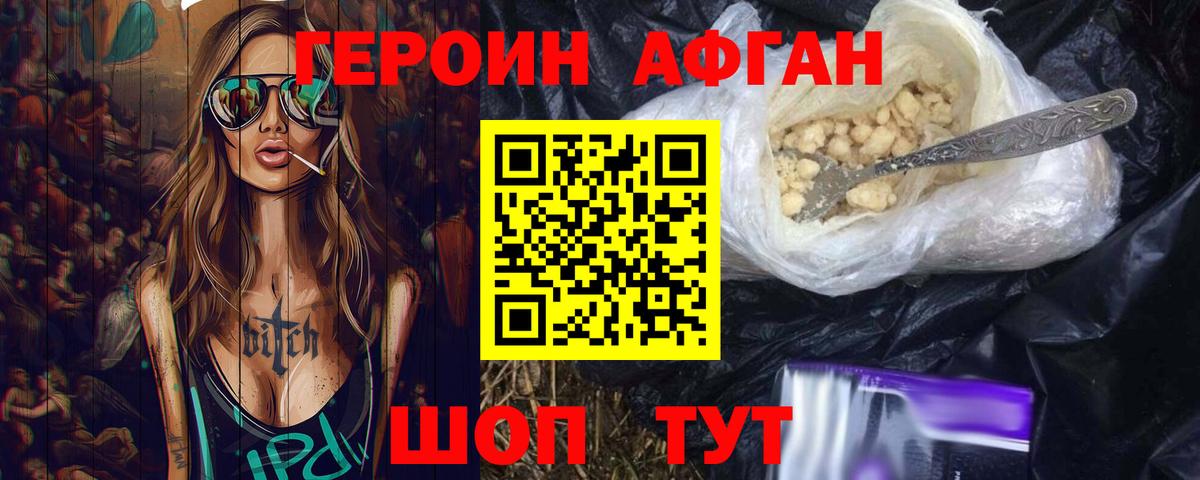 ГЕРОИН Афган Верхний Уфалей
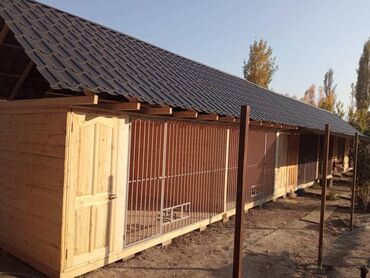 Зоотовары: Вольер, итке уя, домики для собак, клетки,квартирные вольеры — 4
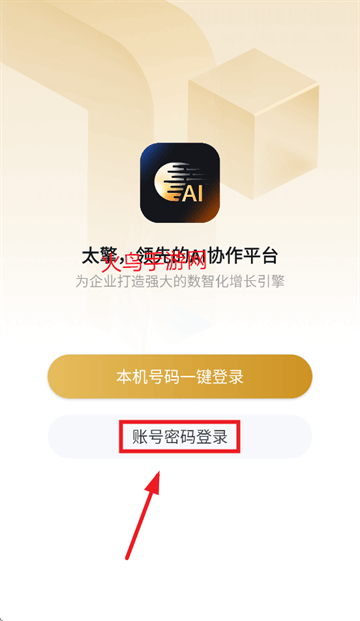 太擎app
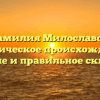 Фамилия Милославов: историческое происхождение, значение и правильное склонение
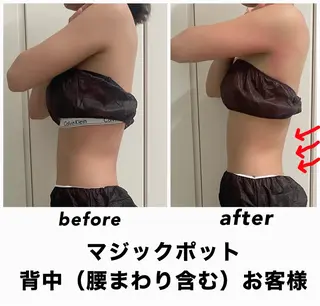 ネイル・エステサロン UILANIのエステ・リラクイメージ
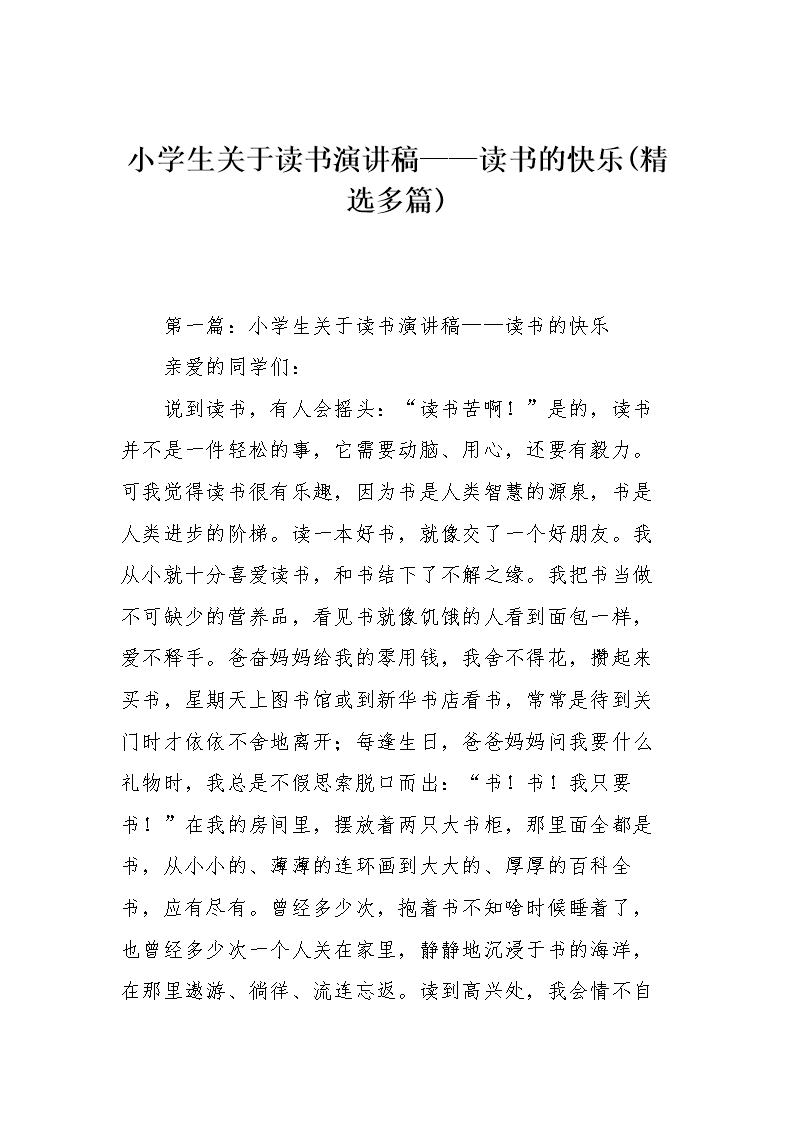 关于阅读的演讲：当我阅读_450字时我很高兴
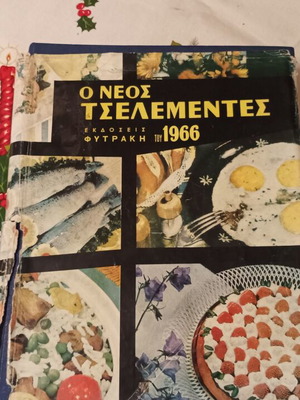 Τσελεμεντες 1966 μεταχειρισμένο με φθορές στη κουβερτούρα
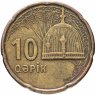 Купить Азербайджан 10 гяпиков 2006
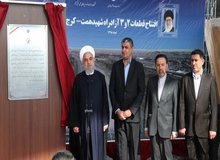 رئیس‌جمهور: روزهای سخت خواهد گذشت/ روح‌ مان از هر سال به اماکن متبرکه نزدیک‌تر است/  شفا دست خداست
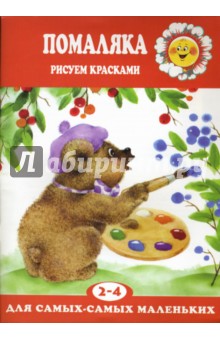 Помаляка. Рисуем красками: 2-4 года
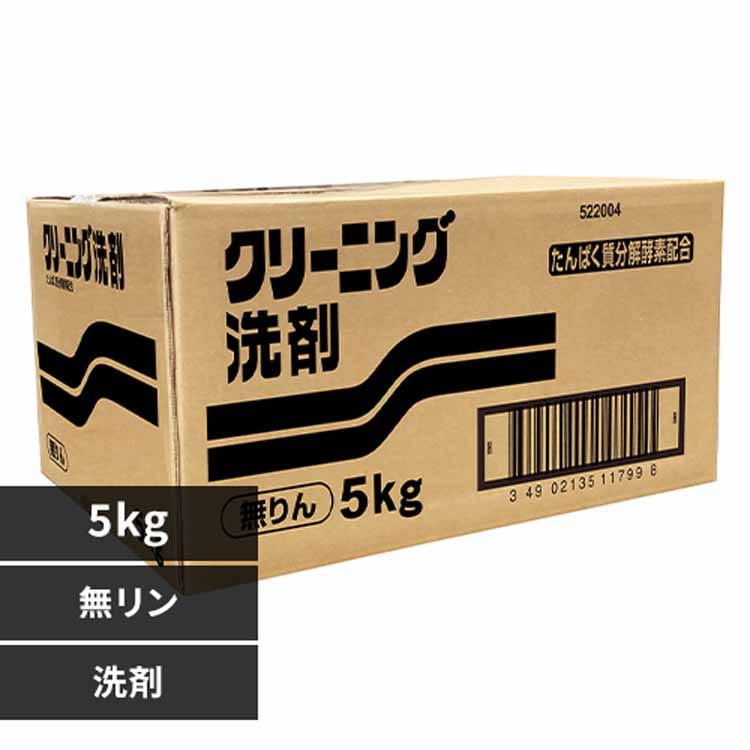 NS�t�@�[�t�@ ����� �N���[�j���O�p PC �y�v���U�Z���N�g�z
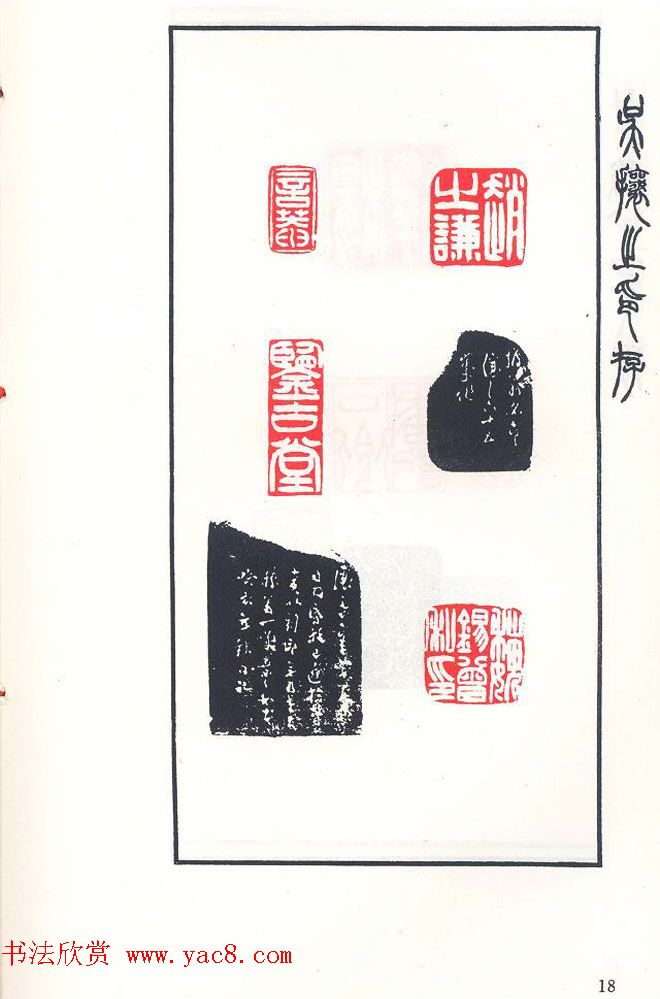 吴熙载篆刻作品欣赏《吴让之印存》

DIRECTIONS: The lines to repeat start at the one holding "ネイル・エステサロン UILANIのエステ・リラクイメージ" and run through the last line of the records above; write them out exactly, both ends included, but not the pictures.

ANSWER TO THE EXERCISE:
 ネイル・エステサロン UILANIのエステ・リラクイメージ
 关于阅读的演讲：当我阅读_450字时我很高兴
 Τσελεμεντες 1966 μεταχειρισμένο με φθορές στη κουβερτούρα
 Купить Азербайджан 10 гяпиков 2006
 رئیس‌جمهور: روزهای سخت خواهد گذشت/ روح‌ مان از هر سال به اماکن متبرکه نزدیک‌تر است/  شفا دست خداست
 Помаляка. Рисуем красками: 2-4 года
 NS�t�@�[�t�@ ����� �N���[�j���O�p PC �y�v���U�Z���N�g�z
 吴熙载篆刻作品欣赏《吴让之印存》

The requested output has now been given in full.